**EXERCISE BRIEF:** Omitting the pictures, output all of the records precisely as written.
==== DATA SHOWN
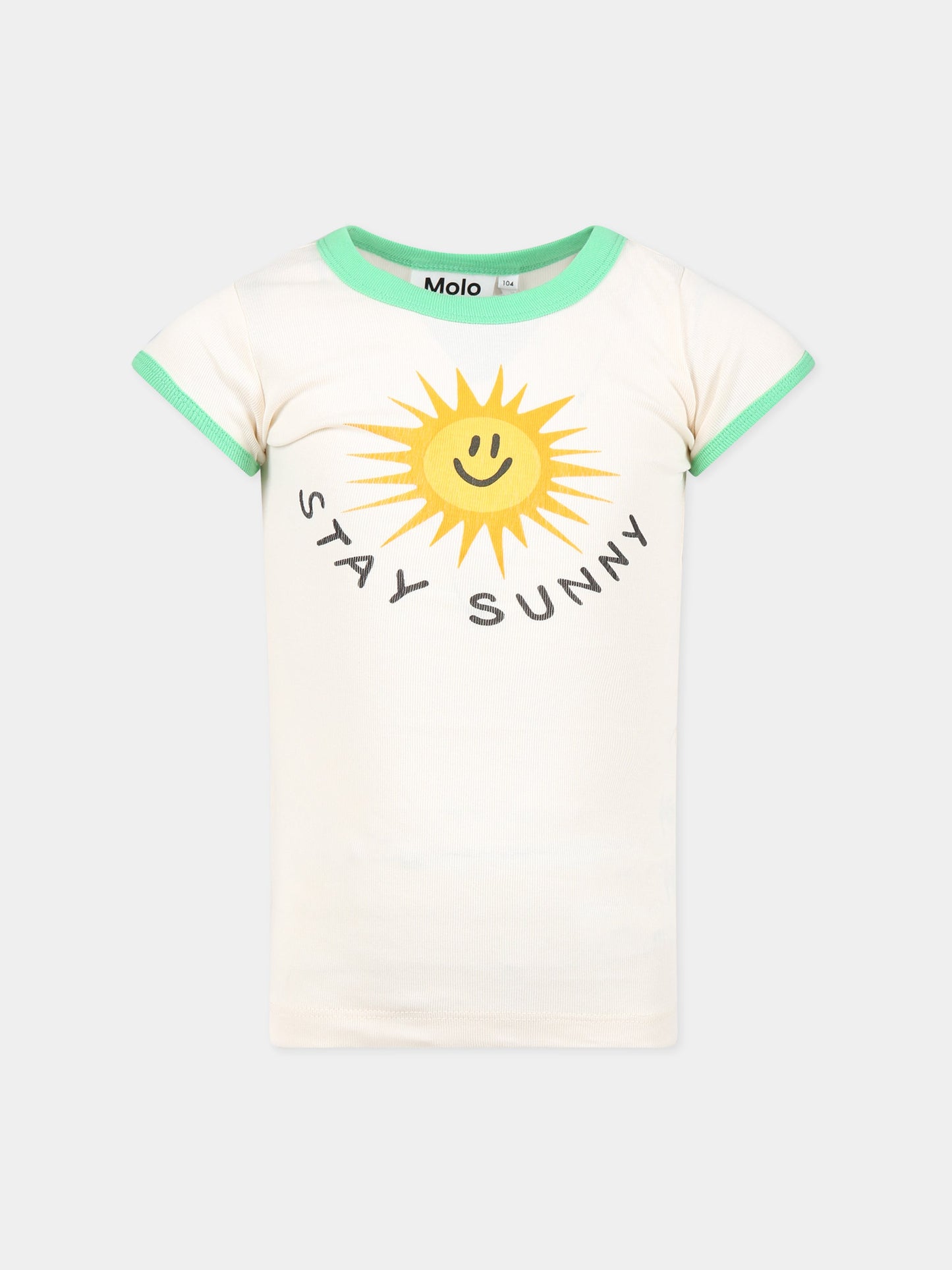 T-shirt avorio per bambina con stampa sole e scritta  Stay Sunny ,Molo,6S23A218 2444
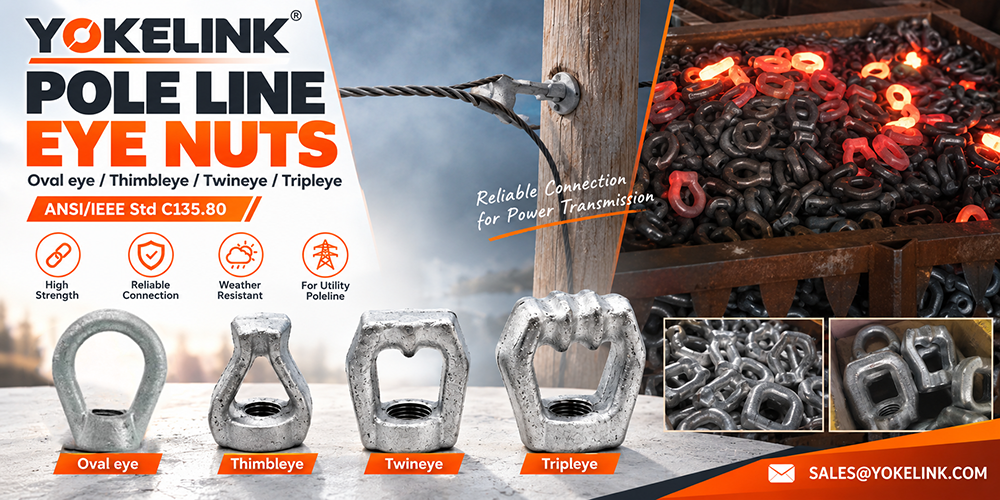 Forged Eye Nuts For Poleline Deadending Guying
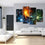 Cluster Of Colorful Stars 4-Panel Canvas Wall Art Living Room
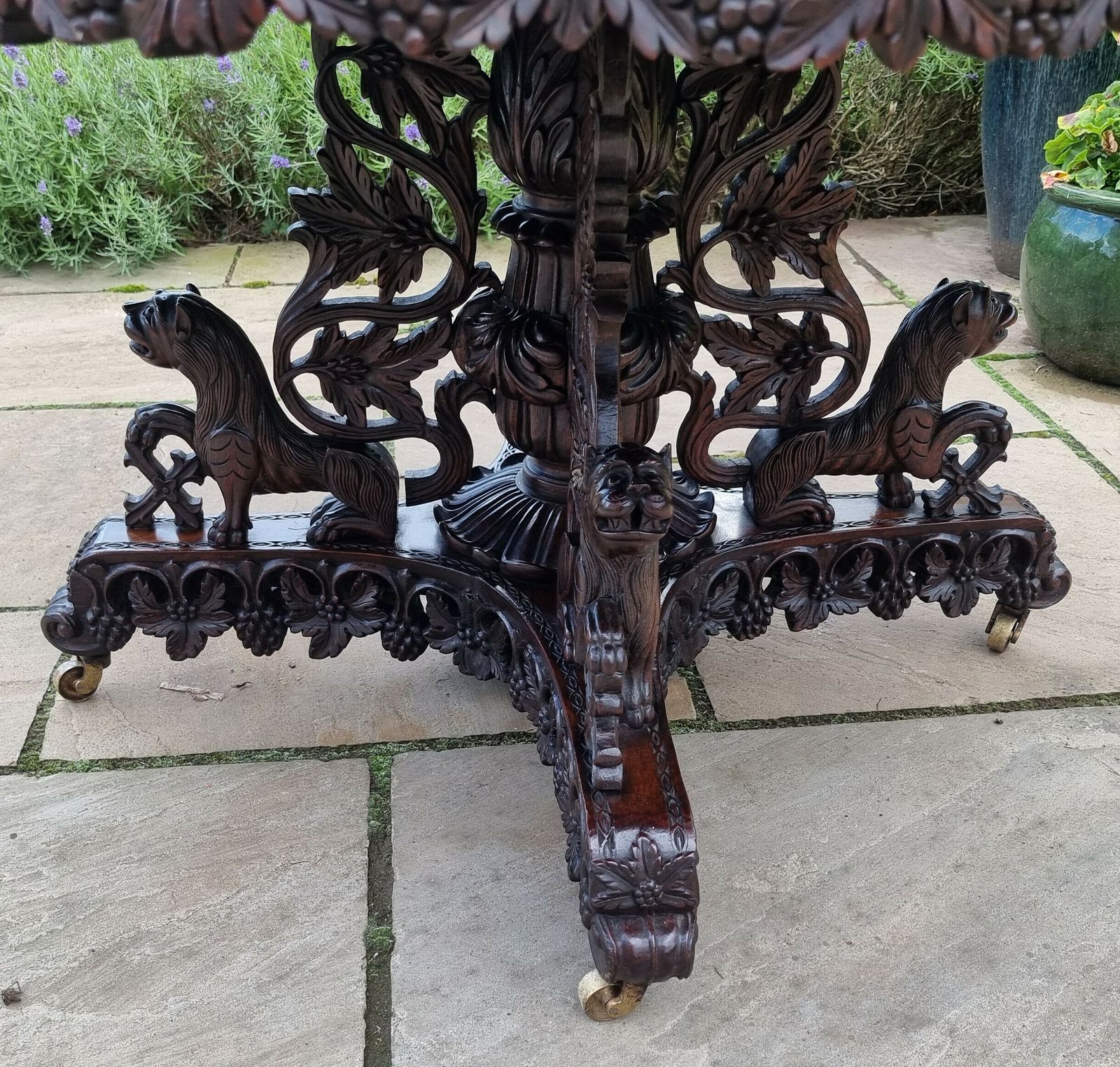 19th Century Indian Carved Padauk Wood Table Circa 1860, Highly Decorative photo vinterior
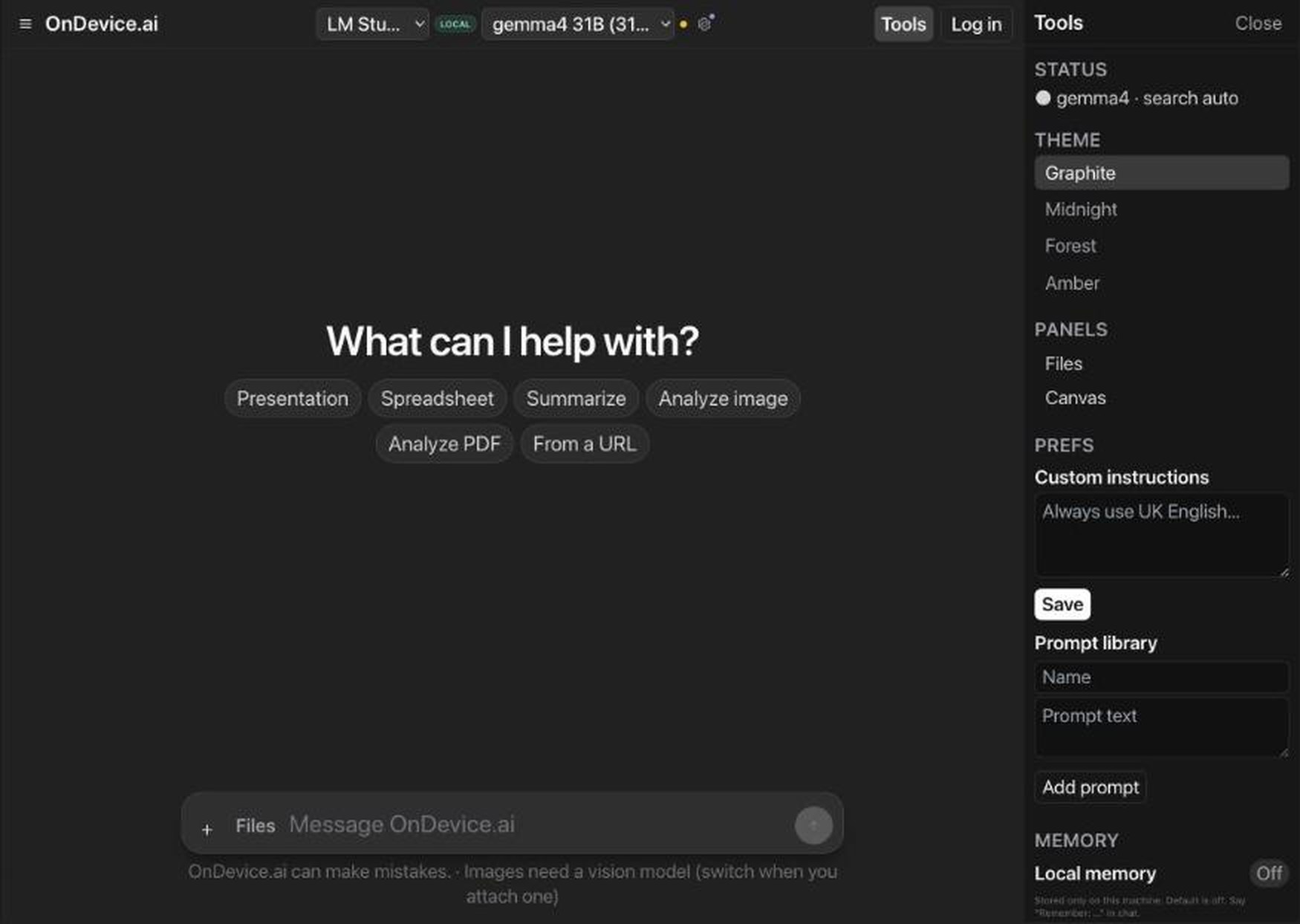 The OnDevice.ai Tools drawer, showing status, four theme presets, Files and Canvas panels, custom instructions, a prompt library, and a local memory toggle set to Off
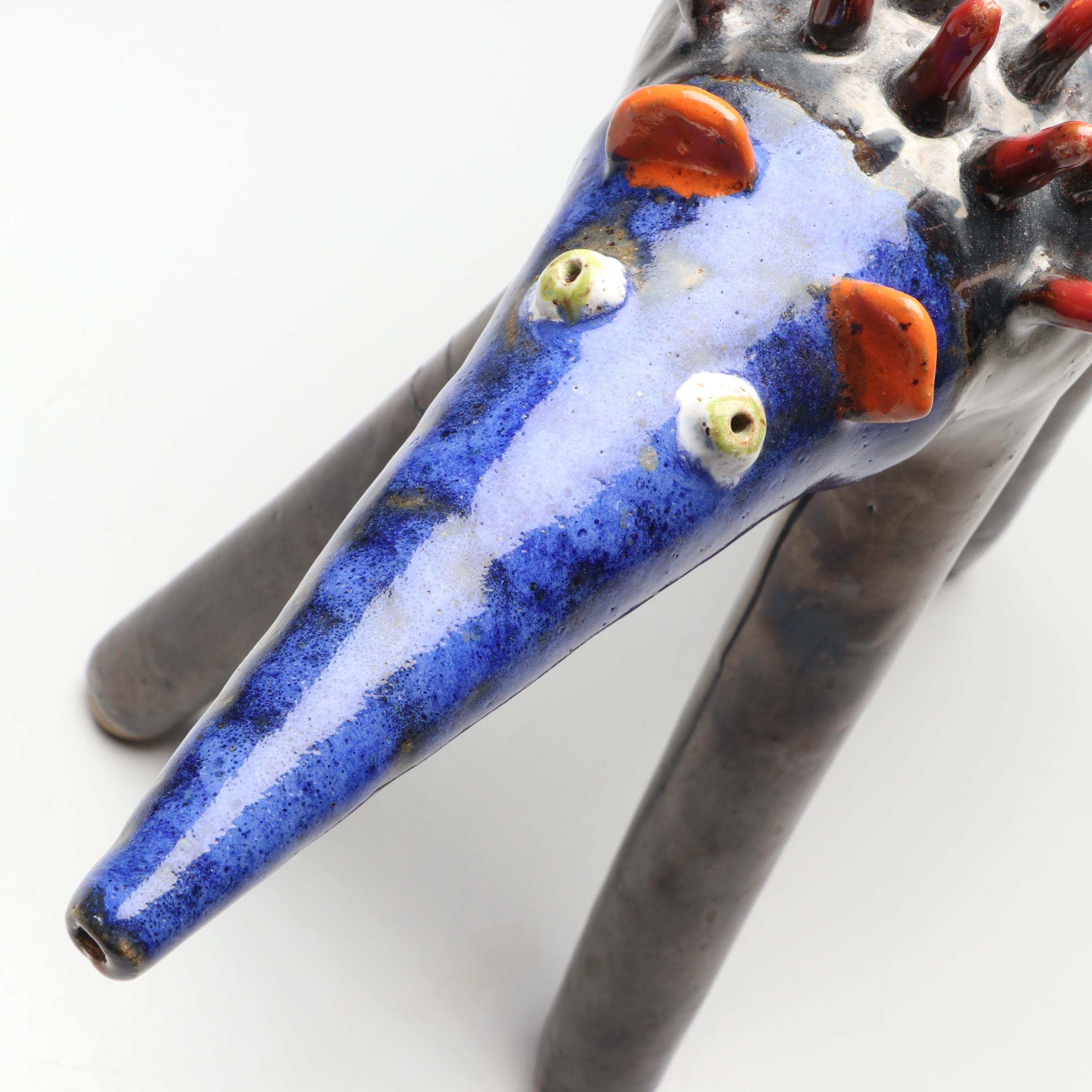 Jerzy Barankiewicz Polychrome Folk Art Pottery Hedgehog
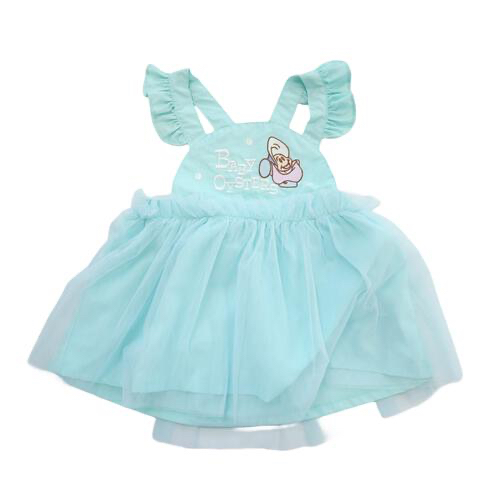 🇯🇵預訂 日本直送🇯🇵Disney系列生蠔bb刺繡貼花荷葉邊吊帶薄紗連身裙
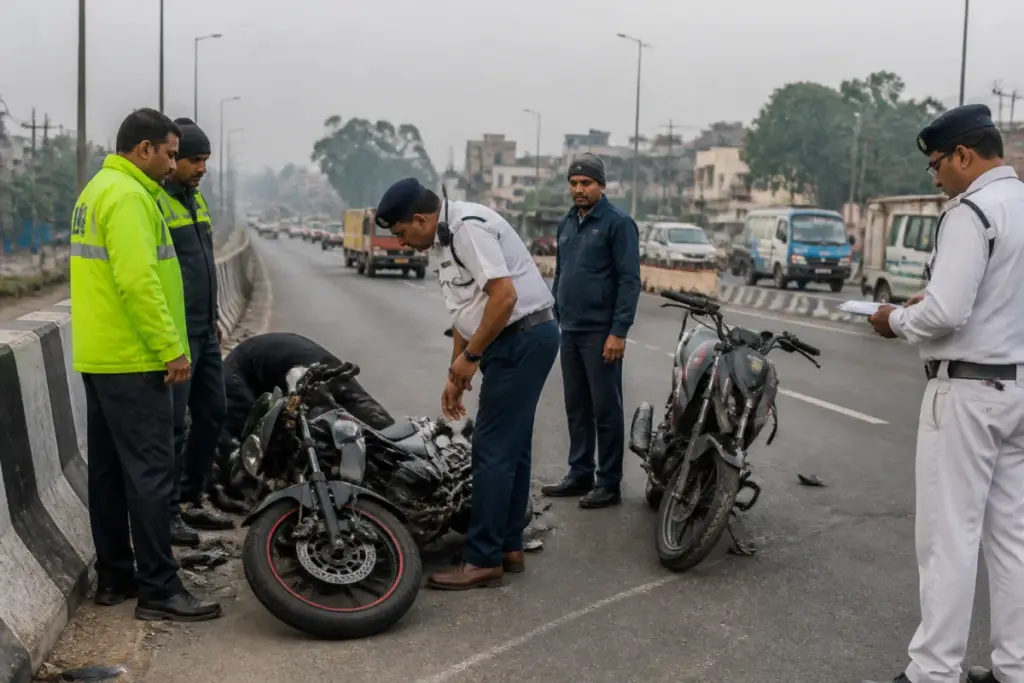 Police and damaged motorcycles after a Kalyani Expressway accident near Rahara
========
**WRITTEN REPLY:**
 T-shirt avorio per bambina con stampa sole e scritta  Stay Sunny ,Molo,6S23A218 2444
 Forged Eye Nuts For Poleline Deadending Guying
 Cluster Of Colorful Stars 4-Panel Canvas Wall Art Living Room
 19th Century Indian Carved Padauk Wood Table Circa 1860, Highly Decorative photo vinterior
 The OnDevice.ai Tools drawer, showing status, four theme presets, Files and Canvas panels, custom instructions, a prompt library, and a local memory toggle set to Off
 Jerzy Barankiewicz Polychrome Folk Art Pottery Hedgehog
 🇯🇵預訂 日本直送🇯🇵Disney系列生蠔bb刺繡貼花荷葉邊吊帶薄紗連身裙
 Police and damaged motorcycles after a Kalyani Expressway accident near Rahara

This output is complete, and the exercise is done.